Under the UK GDPR, EU GDPR, and applicable data protection laws, you have the right to:

  • Access: Request a copy of all personal data we hold about you
  • Rectification: Request correction of inaccurate personal data
  • Erasure: Request deletion of your personal data ("right to be forgotten")
  • Portability: Request your data in a structured, machine-readable format (JSON export)
  • Restriction: Request that we limit processing of your personal data
  • Objection: Object to processing of your personal data for specific purposes
  • Withdraw consent: Withdraw consent at any time where processing is based on consent

To exercise any of these rights, contact us at privacy@octti.ai. We will respond to requests within 30 days.

10. Data Security

We implement appropriate technical and organisational measures to protect your personal data, including:

  • Encryption at rest (AES-256) and in transit (TLS 1.3)
  • Role-based access controls for all internal systems
  • Regular security audits and vulnerability assessments
  • Automated intrusion detection and monitoring
  • Secure development practices and code review

No system is perfectly secure. In the event of a data breach that affects your personal data, we will notify you and the relevant supervisory authority within 72 hours as required by GDPR.

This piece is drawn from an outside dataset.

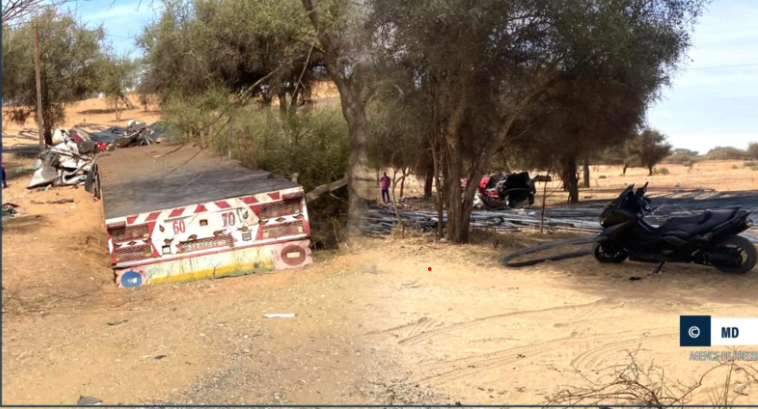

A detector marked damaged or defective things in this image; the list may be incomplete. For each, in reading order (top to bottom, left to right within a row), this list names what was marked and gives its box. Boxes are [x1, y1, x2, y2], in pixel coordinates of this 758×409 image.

overturned truck [93, 143, 314, 286]
burned vehicle [464, 171, 540, 209]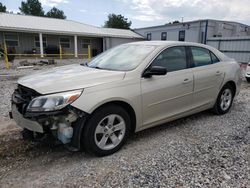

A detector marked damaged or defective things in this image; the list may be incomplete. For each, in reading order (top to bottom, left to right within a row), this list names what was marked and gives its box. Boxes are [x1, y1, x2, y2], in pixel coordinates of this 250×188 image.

damaged headlight [26, 89, 82, 111]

11. International Transfers

Our infrastructure is hosted in AWS regions. If your data is transferred outside the UK or EEA, we ensure appropriate safeguards are in place, including Standard Contractual Clauses approved by the European Commission or the UK Information Commissioner's Office.

12. Children's Privacy

The Service is not intended for use by anyone under the age of 18. We do not knowingly collect personal data from children. If we become aware that a child has provided us with personal data, we will take steps to delete that data promptly.

13. Changes to This Policy

We may update this Privacy Policy from time to time. We will notify you of material changes by email or through a prominent notice on the Service. The "Last updated" date at the top indicates the most recent revision.

14. Contact Us

For privacy-related questions or to exercise your data rights, contact us at:

Curble Pty Ltd, operating as Octti AI
Email: privacy@octti.ai

You also have the right to lodge a complaint with your local data protection supervisory authority.